What to work on >> Look through the entries below and say how many lines contain the string "These". Give the number only.

Material for the task >>
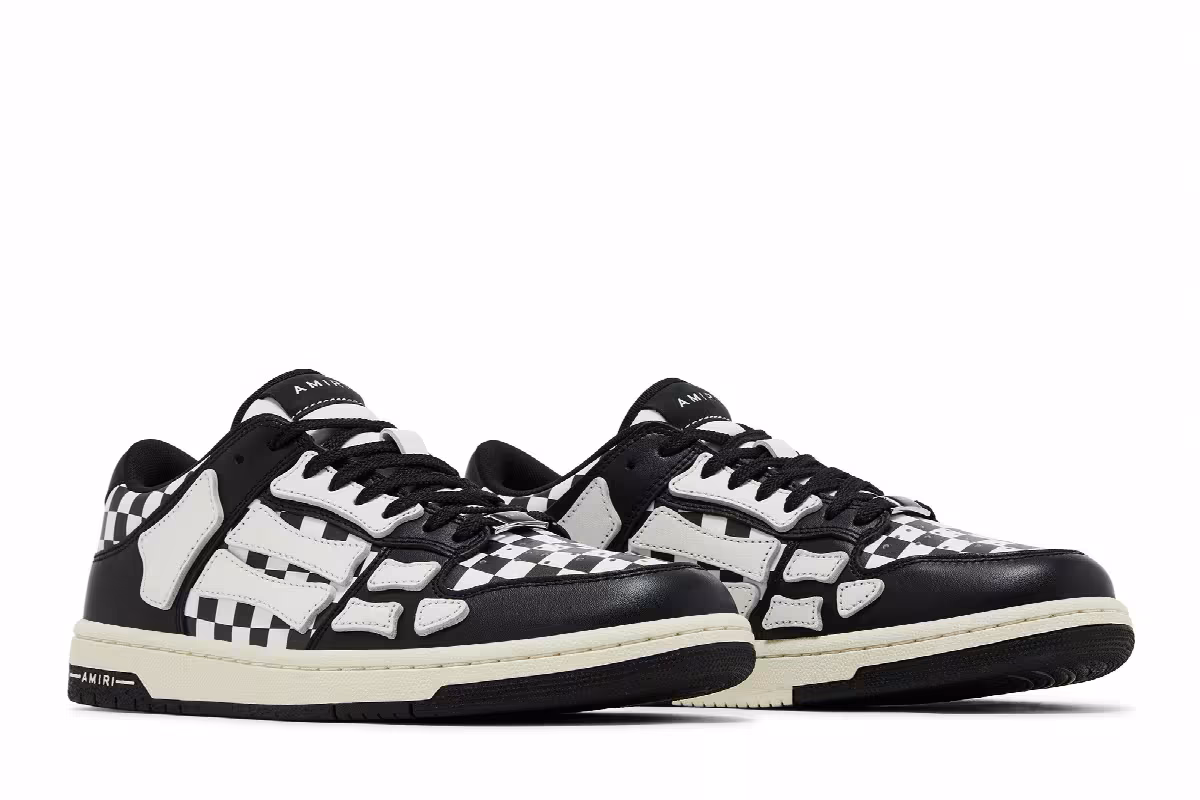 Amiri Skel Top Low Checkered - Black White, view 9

==

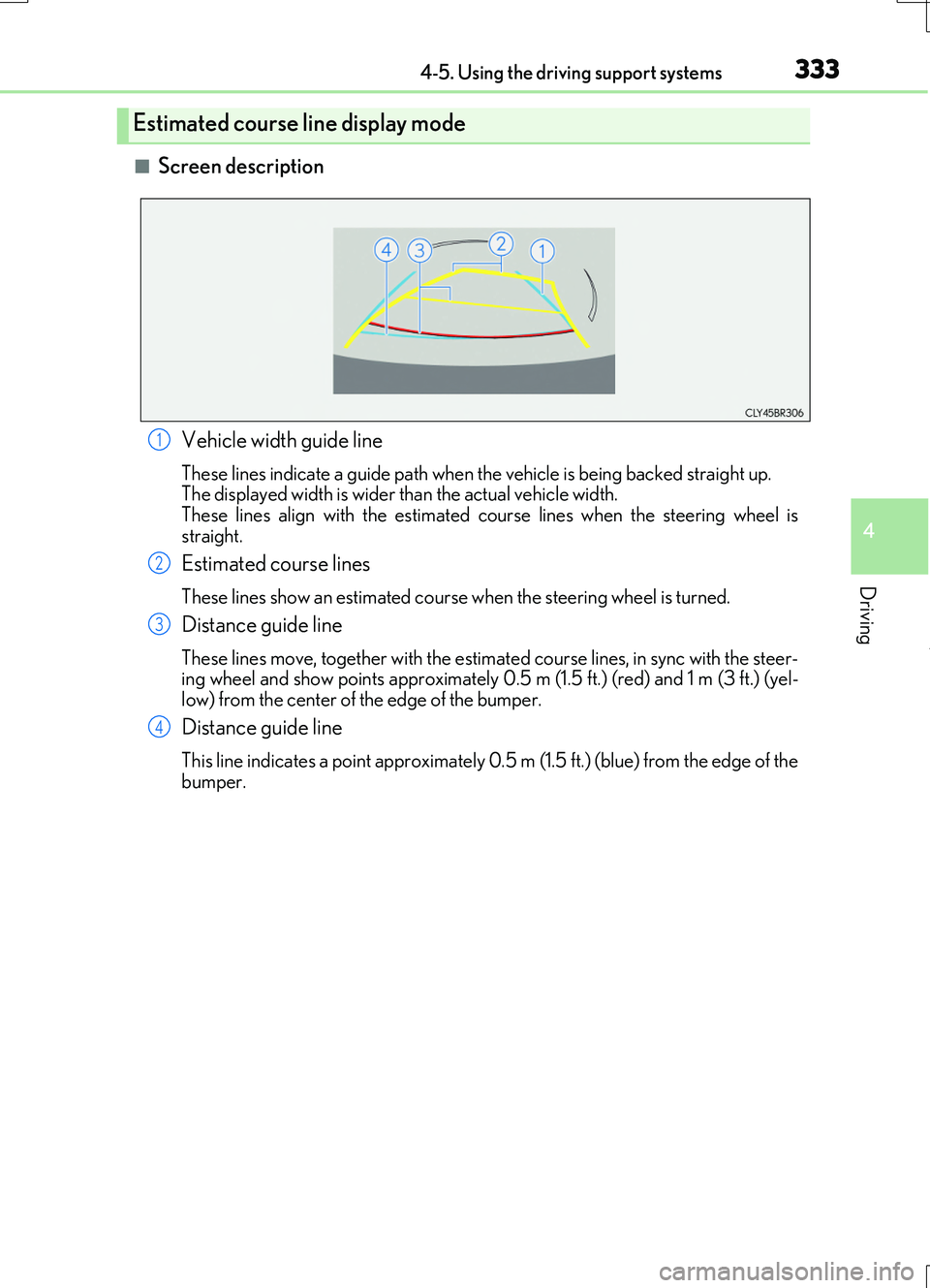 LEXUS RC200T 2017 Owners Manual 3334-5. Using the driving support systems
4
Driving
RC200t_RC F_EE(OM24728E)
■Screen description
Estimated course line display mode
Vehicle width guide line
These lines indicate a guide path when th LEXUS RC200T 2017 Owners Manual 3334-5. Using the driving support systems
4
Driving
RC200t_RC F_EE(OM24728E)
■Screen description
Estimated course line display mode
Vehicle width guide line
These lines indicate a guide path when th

Solution >> 2